The story behind the world’s first 100% recyclable paper bottle

Through its partnership with pulpex, pepsico has embarked on an R&D and Design quest that could change the face of packaging as we know it.

 

As he sat in a packaging brainstorming meeting in 2019, Ron Khan knew he had a potentially groundbreaking ambition: paper bottles for beverages. “Many years ago, we wanted to pursue this concept, but couldn’t find the right technology,” recalls Khan, PepsiCo Vice President of Packaging for Beverages. “I knew we needed to make this happen now.”

 

Two years later, Khan held a prototype for the world’s first fully recyclable paper bottle in his hand. Thanks to a cutting-edge partnership and the vision of PepsiCo’s Packaging, R&D and Design teams, the development is poised to add an innovative new packaging solution for products throughout the world.

 

“This bottle offers so many rare opportunities,” Khan says. “It’s sustainably sourced, it’s recyclable, it’s natural — the advantages are huge.”

 

The key to taking leaps forward: a partnership with breakthrough packaging technology company Pulpex Limited. With Pulpex and a consortium of global consumer goods companies, PepsiCo is working to develop and scale the fully recyclable paper bottle.

 

This bottle offers so many rare opportunities. It’s sustainably sourced, it’s recyclable, it’s natural — the advantages are huge.

— Ron Khan, PepsiCo Vice President of Packaging for Beverages

 

Versions of the paper bottle concept have been attempted in the past, but they’ve all required some form of an inner plastic liner that would prevent them from being recycled via mainstream methods. “There’s nothing on the market today like this,” Khan explains.

What makes the Pulpex version a game-changer is its base material: sustainable, renewable wood pulp. The mixture is blended, molded and dried to give it strength. Then, to prevent leaks and give an oxygen and moisture barrier, it’s treated with a thin, food-grade water-based coating that can go into the paper recycling stream. It’s topped off with a cap, which is also recyclable.

 

“This bottle is a real dream for us,” Khan says. “It adds one more sustainable option to PepsiCo’s portfolio.” Introducing more sustainable packaging, like the Pulpex bottle, is just one of the ways PepsiCo is realizing its pep+ (PepsiCo Positive) transformation with sustainability at the center of its business to inspire positive change for the planet and people.

 

While Khan’s Packaging team sees the sustainable packaging’s revolutionary potential, the Design team is inspired by the unique canvas a paper bottle offers.
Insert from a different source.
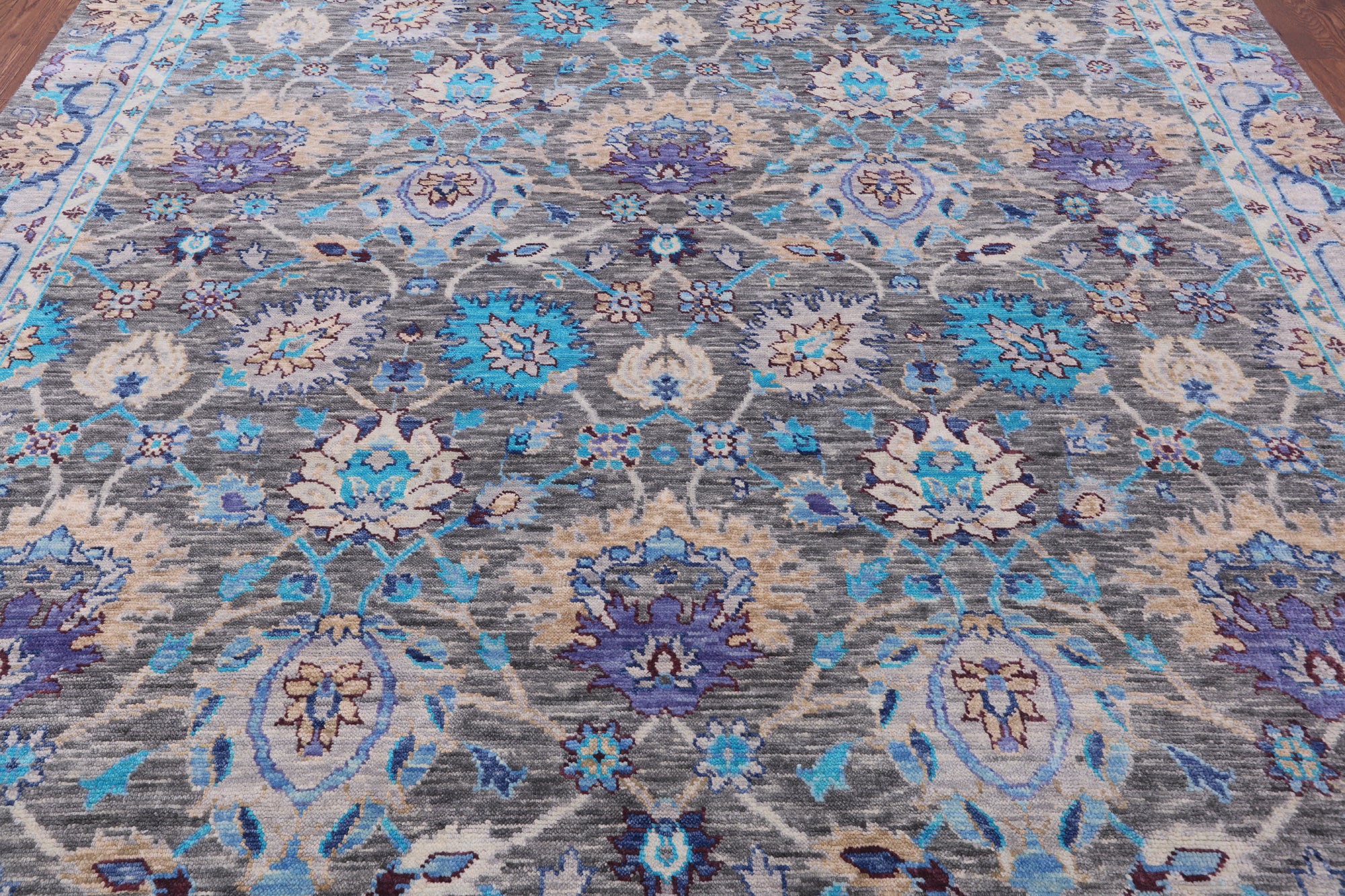 Grey Square William Morris Hand Knotted Wool Rug - 9' 11" X 9' 11" - Golden Nile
Niklas Gustafsson, Design Director at PepsiCo Design and Innovation Studio, worked hand-in-hand with the Packaging team in the prototype process. His group started by asking questions: “You wonder, what are the limitations? What are the constraints? With every new technology, it’s a lot of trial and error,” Gustafsson explains.

The Design team decided to capitalize on its canvas. The material, which Gustafsson says feels a little like the texture of an egg carton, is a wide-open space for printing images and text. “Because it’s paper, we wanted to use that to really have the material tell its own unique sustainability story and communicate that this is a material innovation.”

The designs they are exploring are bold and direct. All of the branding and images will be printed directly on the bottle rather than requiring a label. One side bears a “recycle” imprint, which Gustafsson sees as a call to action. “I hope we can inspire people, when they see this bottle, that even small acts can create a big impact on the environment,” he says.

I hope we can inspire people, when they see this bottle, that even small acts can create a big impact on the environment.

— Niklas Gustafsson, Design Director at PepsiCo Design and Innovation Studio

 

Next up: a wide range of laboratory tests to evaluate safety, performance and recyclability before testing with consumers and on the bottling line to evaluate the prototype’s performance. This critical stage will yield important findings and require more design iterations to refine the bottle, all of which will take months.

 

But those insights have the potential to spark even more ideas to improve packaging. “We are solving problems that can have an impact on billions of people’s lives,” Gustafsson says. “We’re making that happen and making a huge step forward in sustainability.”

 

Adds Khan, “I’ve been in packaging for 30 years now and I’ve not seen something come onto the market that can really change the way we do packaging. This bottle has the potential to disrupt the industry.”